**Exercise objective**
Span requested from the data below: the line with "VASERO Električna trgovinska" through the line with "California MCLE certificate", both included. Give only these lines again, exactly, and leave every picture out.

**Records supplied**
┌──

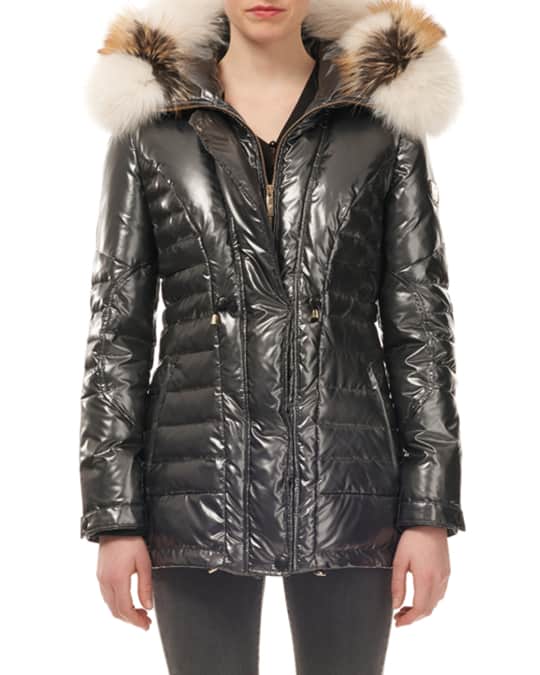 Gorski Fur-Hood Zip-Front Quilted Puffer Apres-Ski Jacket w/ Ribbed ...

└──
┌──

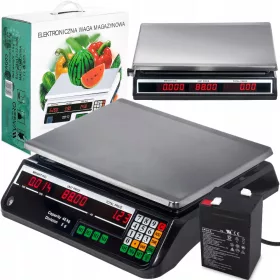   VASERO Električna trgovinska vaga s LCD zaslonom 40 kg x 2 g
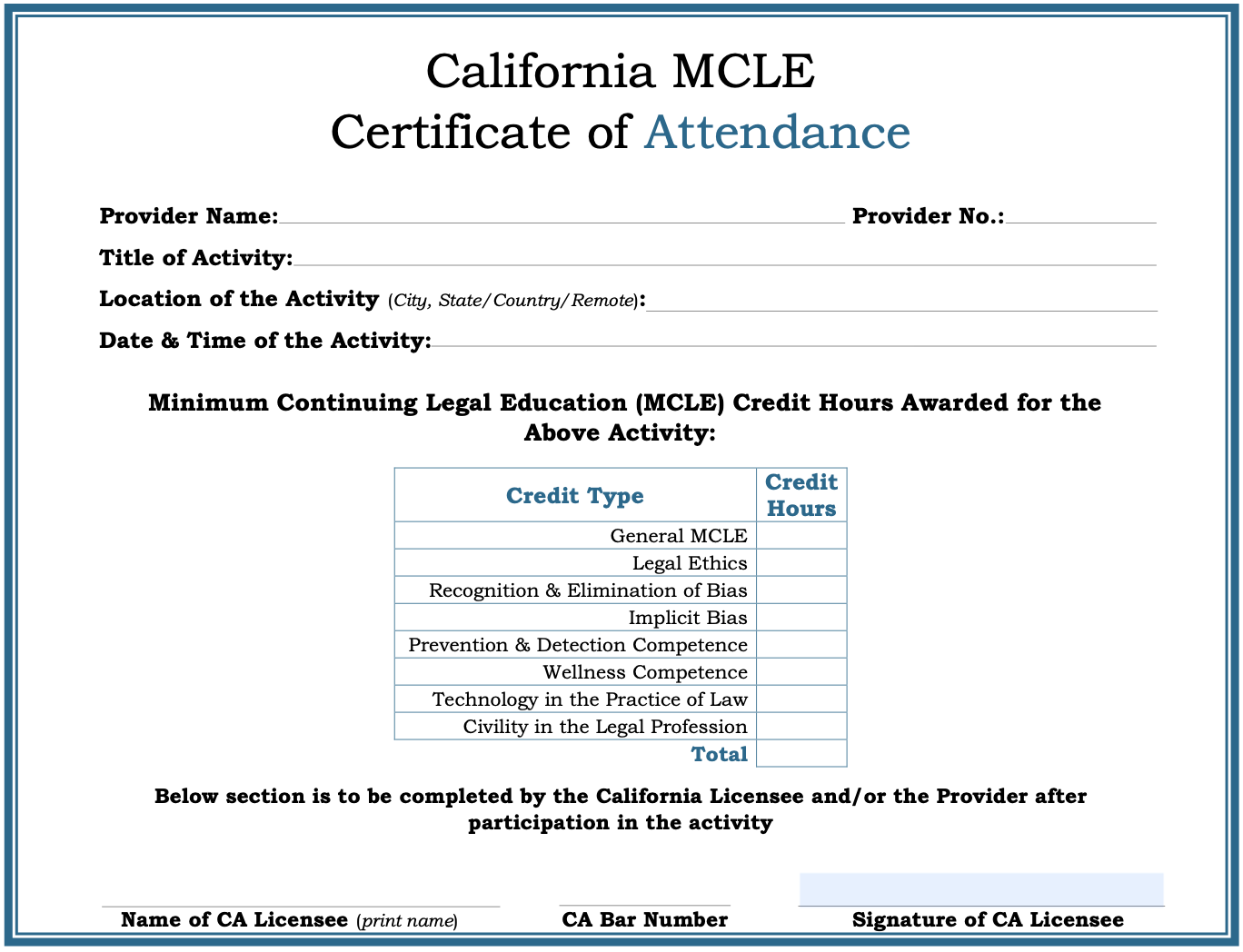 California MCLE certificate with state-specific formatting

└──

**Answer section**
   VASERO Električna trgovinska vaga s LCD zaslonom 40 kg x 2 g
 California MCLE certificate with state-specific formatting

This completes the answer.